◆ What you are asked to do ◆
Below are records; reproduce exactly the lines from the one that has "Disneyland ride ranking autopia" through the one that has "View of Residential", ends included, and nothing more.

◆ Dataset entries ◆
· · · · ·
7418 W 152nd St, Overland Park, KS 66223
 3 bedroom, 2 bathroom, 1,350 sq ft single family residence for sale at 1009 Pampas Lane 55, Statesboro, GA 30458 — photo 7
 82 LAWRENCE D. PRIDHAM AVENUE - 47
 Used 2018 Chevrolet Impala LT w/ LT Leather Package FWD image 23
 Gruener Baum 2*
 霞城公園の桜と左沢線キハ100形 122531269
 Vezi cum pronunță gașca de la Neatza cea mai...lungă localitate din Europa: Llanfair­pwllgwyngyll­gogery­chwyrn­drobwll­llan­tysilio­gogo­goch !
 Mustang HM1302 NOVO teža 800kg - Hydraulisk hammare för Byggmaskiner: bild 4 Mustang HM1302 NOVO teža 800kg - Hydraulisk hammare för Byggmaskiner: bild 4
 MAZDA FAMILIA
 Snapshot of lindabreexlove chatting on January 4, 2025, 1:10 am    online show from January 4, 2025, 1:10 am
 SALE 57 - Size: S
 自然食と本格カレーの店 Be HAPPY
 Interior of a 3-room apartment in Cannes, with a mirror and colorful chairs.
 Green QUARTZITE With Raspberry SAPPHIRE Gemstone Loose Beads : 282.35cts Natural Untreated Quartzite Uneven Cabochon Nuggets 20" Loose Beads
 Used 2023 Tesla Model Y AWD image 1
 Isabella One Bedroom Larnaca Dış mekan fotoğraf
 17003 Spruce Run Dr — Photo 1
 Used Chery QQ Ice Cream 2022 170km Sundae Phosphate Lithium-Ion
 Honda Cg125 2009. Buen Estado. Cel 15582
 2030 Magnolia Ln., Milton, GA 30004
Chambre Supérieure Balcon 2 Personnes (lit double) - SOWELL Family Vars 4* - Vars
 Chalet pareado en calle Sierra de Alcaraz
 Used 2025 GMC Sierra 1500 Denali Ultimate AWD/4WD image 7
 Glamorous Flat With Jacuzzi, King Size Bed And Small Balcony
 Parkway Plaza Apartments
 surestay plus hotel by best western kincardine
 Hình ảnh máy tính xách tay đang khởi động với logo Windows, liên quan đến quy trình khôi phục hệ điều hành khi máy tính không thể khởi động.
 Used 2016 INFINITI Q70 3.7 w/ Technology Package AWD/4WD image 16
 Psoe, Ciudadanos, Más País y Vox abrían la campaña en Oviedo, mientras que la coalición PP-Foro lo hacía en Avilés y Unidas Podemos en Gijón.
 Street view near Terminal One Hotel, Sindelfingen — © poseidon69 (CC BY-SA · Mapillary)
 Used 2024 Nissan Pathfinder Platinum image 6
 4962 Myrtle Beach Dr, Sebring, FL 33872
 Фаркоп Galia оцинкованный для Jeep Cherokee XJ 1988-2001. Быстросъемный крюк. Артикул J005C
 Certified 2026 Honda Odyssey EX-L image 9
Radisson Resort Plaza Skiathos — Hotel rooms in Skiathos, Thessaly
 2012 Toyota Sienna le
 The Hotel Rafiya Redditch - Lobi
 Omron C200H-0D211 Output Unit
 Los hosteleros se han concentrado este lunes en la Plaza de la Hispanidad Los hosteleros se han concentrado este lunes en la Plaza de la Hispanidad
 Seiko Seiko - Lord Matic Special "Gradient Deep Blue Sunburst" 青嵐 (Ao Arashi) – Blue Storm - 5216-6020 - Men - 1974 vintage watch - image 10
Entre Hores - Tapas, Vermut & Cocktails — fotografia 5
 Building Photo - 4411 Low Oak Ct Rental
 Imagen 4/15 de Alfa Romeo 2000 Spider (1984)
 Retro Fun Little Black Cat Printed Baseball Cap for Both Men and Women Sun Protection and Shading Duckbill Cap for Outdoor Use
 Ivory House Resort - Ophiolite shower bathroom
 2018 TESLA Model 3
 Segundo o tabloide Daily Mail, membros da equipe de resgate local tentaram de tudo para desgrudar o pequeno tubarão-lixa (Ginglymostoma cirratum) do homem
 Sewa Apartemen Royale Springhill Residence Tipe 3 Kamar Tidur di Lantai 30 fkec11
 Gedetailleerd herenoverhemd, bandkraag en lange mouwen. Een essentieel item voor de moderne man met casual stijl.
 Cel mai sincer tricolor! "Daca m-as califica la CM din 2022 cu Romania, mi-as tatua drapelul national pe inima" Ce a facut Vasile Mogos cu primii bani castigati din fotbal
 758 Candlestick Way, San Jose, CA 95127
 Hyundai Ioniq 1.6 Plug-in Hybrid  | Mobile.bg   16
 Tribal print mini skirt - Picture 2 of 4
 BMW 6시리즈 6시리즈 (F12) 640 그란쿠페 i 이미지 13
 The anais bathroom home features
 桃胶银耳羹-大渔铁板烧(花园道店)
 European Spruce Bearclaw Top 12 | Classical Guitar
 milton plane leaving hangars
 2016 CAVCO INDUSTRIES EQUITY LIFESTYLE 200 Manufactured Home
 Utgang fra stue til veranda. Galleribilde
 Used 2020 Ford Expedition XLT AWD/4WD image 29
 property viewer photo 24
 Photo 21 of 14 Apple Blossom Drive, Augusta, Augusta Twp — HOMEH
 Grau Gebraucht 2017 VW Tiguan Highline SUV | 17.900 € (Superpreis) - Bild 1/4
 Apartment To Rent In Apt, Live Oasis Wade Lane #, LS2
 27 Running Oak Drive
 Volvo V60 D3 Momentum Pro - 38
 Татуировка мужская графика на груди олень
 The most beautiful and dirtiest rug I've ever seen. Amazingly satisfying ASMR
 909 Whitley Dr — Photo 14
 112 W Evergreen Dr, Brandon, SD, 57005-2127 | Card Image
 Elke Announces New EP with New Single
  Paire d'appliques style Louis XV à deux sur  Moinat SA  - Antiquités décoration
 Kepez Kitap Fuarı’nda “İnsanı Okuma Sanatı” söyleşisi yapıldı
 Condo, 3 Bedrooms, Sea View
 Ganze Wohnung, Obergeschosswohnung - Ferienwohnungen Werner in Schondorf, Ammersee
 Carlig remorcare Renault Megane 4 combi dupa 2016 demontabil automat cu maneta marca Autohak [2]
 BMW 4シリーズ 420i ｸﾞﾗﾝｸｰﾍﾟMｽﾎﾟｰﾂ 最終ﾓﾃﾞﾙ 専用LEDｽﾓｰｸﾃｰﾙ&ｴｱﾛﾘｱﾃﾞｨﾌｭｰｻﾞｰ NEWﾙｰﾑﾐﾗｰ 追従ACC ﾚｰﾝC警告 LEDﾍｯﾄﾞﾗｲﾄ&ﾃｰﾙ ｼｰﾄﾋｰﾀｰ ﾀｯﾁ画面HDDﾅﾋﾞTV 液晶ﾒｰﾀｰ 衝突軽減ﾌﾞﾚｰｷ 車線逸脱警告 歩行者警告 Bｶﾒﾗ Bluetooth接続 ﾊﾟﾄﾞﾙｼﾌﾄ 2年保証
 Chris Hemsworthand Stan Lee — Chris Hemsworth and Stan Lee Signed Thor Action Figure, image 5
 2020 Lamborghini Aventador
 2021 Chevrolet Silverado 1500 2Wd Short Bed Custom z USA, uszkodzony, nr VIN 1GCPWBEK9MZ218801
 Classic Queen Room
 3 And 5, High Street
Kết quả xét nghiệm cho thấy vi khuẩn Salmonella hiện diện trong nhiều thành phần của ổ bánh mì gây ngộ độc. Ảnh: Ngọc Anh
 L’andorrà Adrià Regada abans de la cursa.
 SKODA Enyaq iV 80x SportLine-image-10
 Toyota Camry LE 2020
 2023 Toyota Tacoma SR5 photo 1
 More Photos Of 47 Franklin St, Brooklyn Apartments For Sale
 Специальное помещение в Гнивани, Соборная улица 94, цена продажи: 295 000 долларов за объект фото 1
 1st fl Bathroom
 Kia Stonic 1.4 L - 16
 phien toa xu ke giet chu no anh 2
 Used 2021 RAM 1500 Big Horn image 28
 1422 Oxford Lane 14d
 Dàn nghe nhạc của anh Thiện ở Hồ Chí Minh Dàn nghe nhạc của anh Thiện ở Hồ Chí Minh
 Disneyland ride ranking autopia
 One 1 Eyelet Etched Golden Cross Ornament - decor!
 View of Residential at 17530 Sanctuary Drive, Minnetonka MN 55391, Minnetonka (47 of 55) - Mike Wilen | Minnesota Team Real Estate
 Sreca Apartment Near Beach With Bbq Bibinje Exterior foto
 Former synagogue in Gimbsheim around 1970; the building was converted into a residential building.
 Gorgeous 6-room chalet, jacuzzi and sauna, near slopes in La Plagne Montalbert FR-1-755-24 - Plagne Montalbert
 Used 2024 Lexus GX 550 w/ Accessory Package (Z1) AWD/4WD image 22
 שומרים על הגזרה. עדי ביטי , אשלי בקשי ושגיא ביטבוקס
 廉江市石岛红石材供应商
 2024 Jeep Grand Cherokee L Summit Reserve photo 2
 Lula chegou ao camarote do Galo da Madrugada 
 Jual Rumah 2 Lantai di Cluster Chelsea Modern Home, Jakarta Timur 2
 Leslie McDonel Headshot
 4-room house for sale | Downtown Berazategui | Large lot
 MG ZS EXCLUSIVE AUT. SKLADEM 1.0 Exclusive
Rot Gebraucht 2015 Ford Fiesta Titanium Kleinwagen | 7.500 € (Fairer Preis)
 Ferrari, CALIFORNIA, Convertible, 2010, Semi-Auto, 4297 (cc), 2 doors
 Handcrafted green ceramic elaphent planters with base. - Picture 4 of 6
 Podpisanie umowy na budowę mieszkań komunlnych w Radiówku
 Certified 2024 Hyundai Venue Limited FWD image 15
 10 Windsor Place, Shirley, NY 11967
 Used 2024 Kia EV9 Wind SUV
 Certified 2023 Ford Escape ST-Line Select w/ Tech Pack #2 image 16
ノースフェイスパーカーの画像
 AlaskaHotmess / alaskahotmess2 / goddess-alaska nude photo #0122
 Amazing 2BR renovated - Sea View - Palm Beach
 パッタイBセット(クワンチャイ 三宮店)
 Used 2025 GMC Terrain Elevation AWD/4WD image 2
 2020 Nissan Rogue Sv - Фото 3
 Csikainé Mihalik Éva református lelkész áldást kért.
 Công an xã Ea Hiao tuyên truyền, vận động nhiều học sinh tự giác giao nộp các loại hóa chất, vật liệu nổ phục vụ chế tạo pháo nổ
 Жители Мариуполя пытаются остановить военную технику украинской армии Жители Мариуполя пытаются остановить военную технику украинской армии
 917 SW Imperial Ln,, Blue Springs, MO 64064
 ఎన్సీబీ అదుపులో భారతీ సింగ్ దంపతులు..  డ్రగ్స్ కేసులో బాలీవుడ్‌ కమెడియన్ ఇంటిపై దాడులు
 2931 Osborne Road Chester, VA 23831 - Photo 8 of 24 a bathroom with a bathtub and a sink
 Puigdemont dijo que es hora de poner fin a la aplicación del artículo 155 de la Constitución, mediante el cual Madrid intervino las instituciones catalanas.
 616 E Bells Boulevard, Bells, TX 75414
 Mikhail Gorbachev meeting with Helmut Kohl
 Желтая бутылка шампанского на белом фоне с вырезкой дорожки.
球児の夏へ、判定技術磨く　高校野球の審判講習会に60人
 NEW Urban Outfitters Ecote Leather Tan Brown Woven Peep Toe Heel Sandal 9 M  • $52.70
· · · · ·
◆ Result of the task ◆
 Disneyland ride ranking autopia
 One 1 Eyelet Etched Golden Cross Ornament - decor!
 View of Residential at 17530 Sanctuary Drive, Minnetonka MN 55391, Minnetonka (47 of 55) - Mike Wilen | Minnesota Team Real Estate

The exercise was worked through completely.